ACTION ITEM
Without any pictures, retype exactly the lines that begin at the one holding "Номер Executive Quality Inn & Suites" and end at the last line of the data below.

DATASET ENTRIES
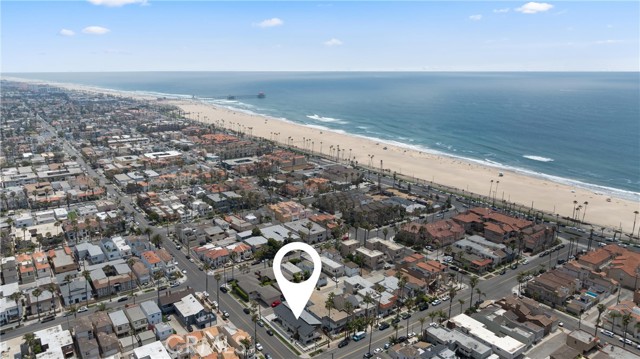 228 20th Street, Huntington Beach CA: https://media.crmls.org/medias/4178c8d5-6a45-4be5-963a-49d057290113.jpg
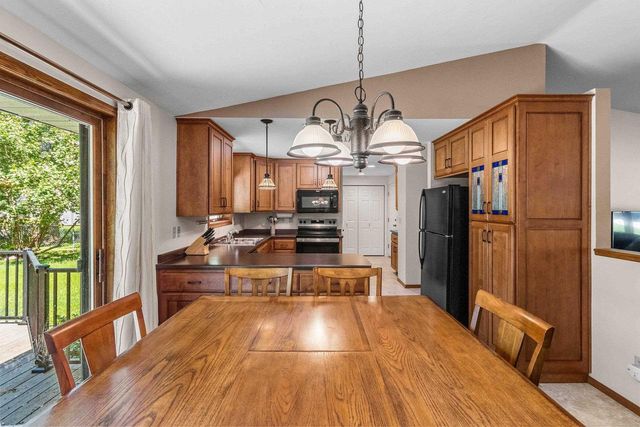 2254 LEDVINA CIRCLE, Green Bay, WI 54313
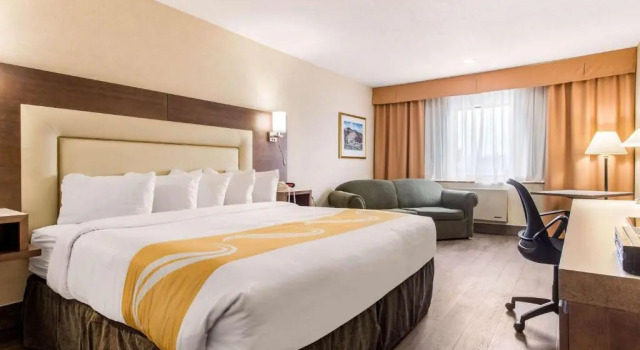Номер Executive Quality Inn & Suites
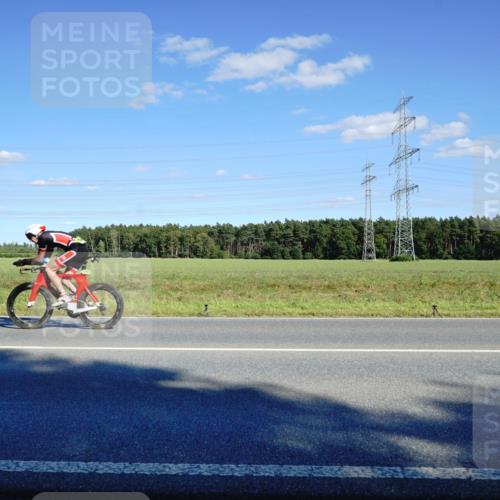 07.09.2025 - 19. Norderstedt Triathlon Michael Burmester http://msf.ph/oto/8851050 07.09.2025 15:38:09 Radfahren 940 meine-sportfotos.de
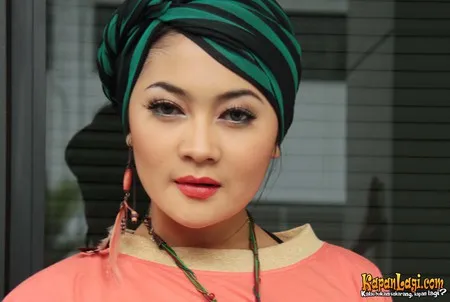 Foto Indah Dewi Pertiwi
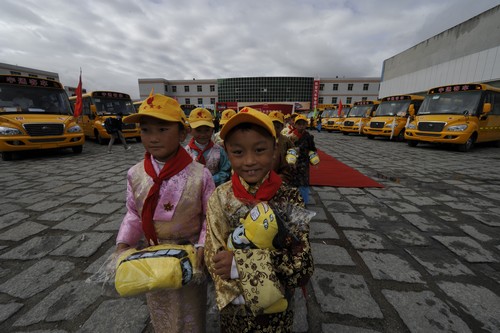 Yutong school buses appear on the Qinghai-Tibet Plateau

RESPONSE TO THIS EXERCISE
Номер Executive Quality Inn & Suites
 07.09.2025 - 19. Norderstedt Triathlon Michael Burmester http://msf.ph/oto/8851050 07.09.2025 15:38:09 Radfahren 940 meine-sportfotos.de
 Foto Indah Dewi Pertiwi
 Yutong school buses appear on the Qinghai-Tibet Plateau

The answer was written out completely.